WHAT THE TASK ASKS
With the pictures omitted, please transcribe exactly the lines beginning at the one that contains "Hands-on learning builds understanding" and ending with the last line of the records below.

EXTRACTED MATERIAL
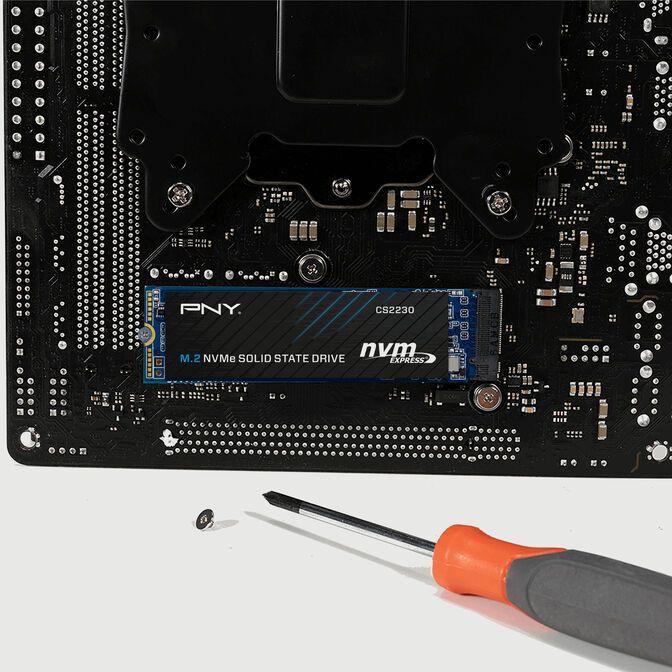 SSD PNY CS2230 (500GB - M.2 2280 - PCIe 3.0 x4 NVMe) — miniatura 4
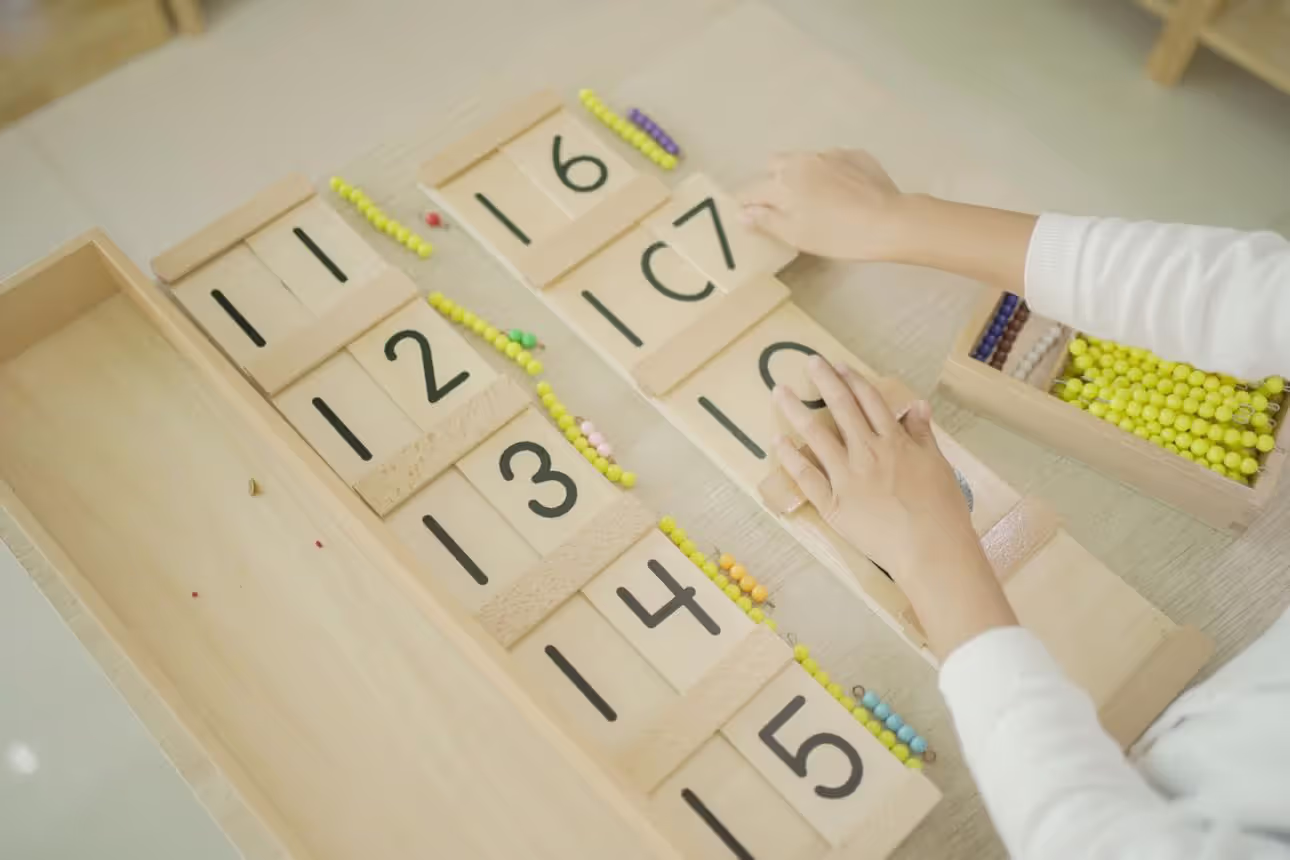 Hands-on learning builds understanding
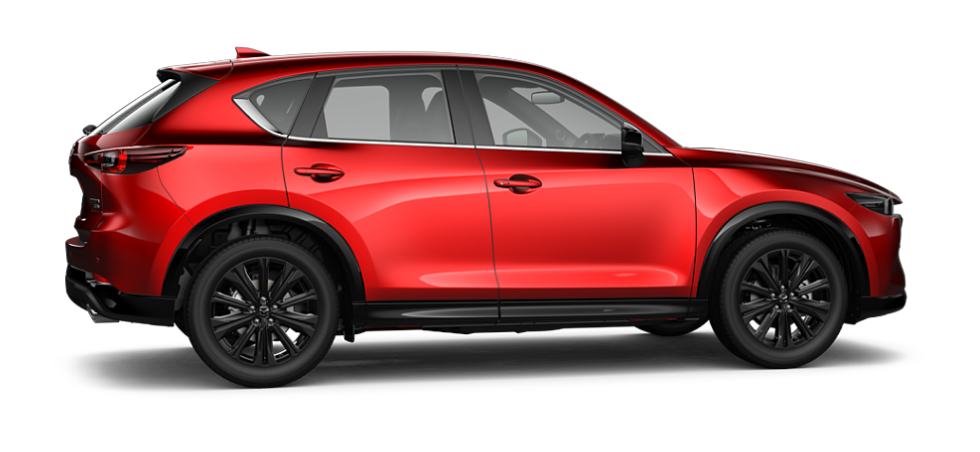 2025 Mazda CX-5 KF Series G35 GT SP SUV Image 11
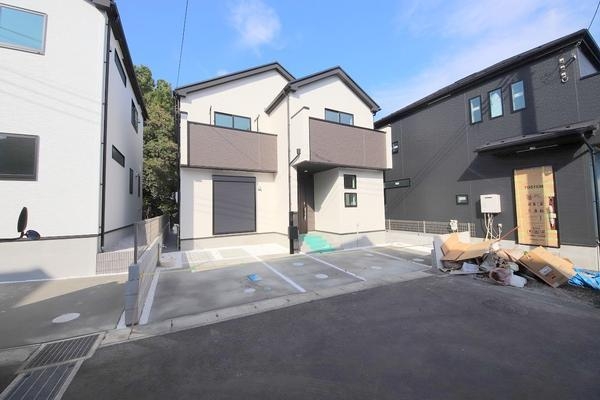 綾瀬市寺尾本町1丁目2期　新築分譲住宅　5号棟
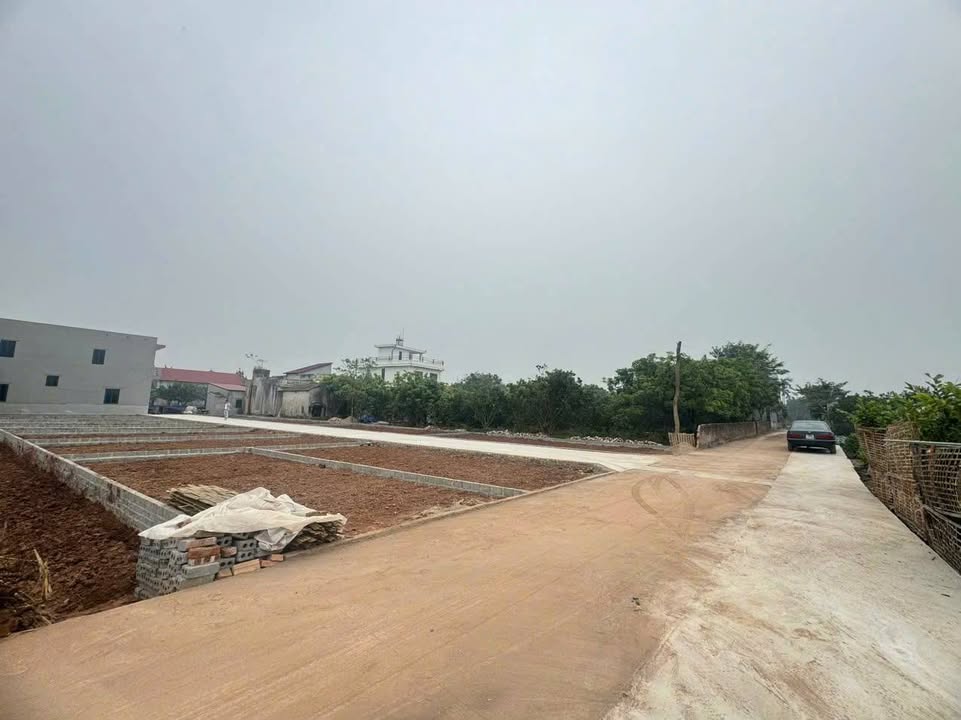 Đất nền Dạ Trạch, Khoái Châu 52m² giá 1 tỷ - Kinh doanh sầm uất, ô tô tránh nhau thoải mái!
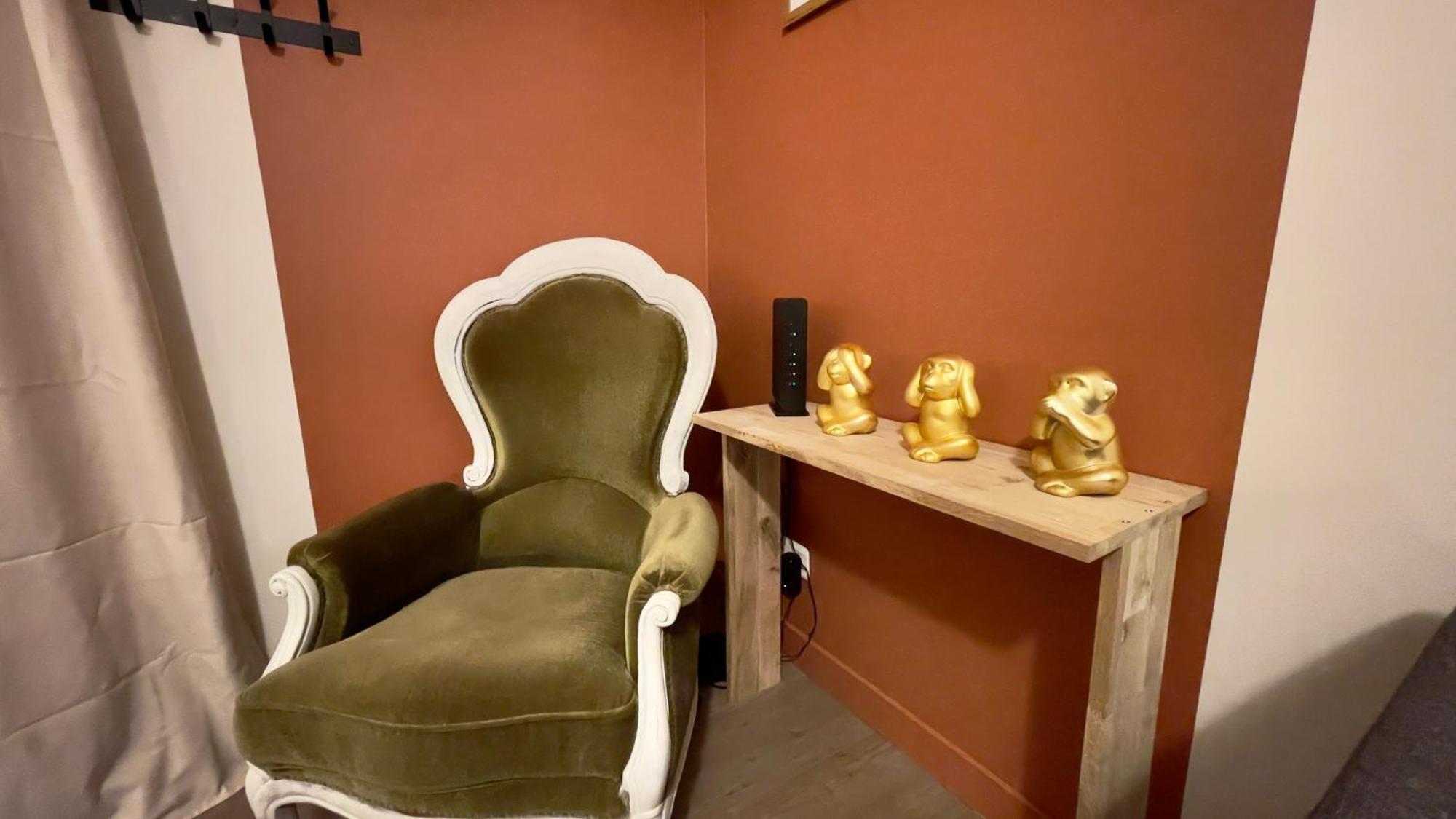 Appartamento Les Vignes - T2 Cosy, Calme, Excentre Digione Esterno foto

REPLY
 Hands-on learning builds understanding
 2025 Mazda CX-5 KF Series G35 GT SP SUV Image 11
 綾瀬市寺尾本町1丁目2期　新築分譲住宅　5号棟
 Đất nền Dạ Trạch, Khoái Châu 52m² giá 1 tỷ - Kinh doanh sầm uất, ô tô tránh nhau thoải mái!
 Appartamento Les Vignes - T2 Cosy, Calme, Excentre Digione Esterno foto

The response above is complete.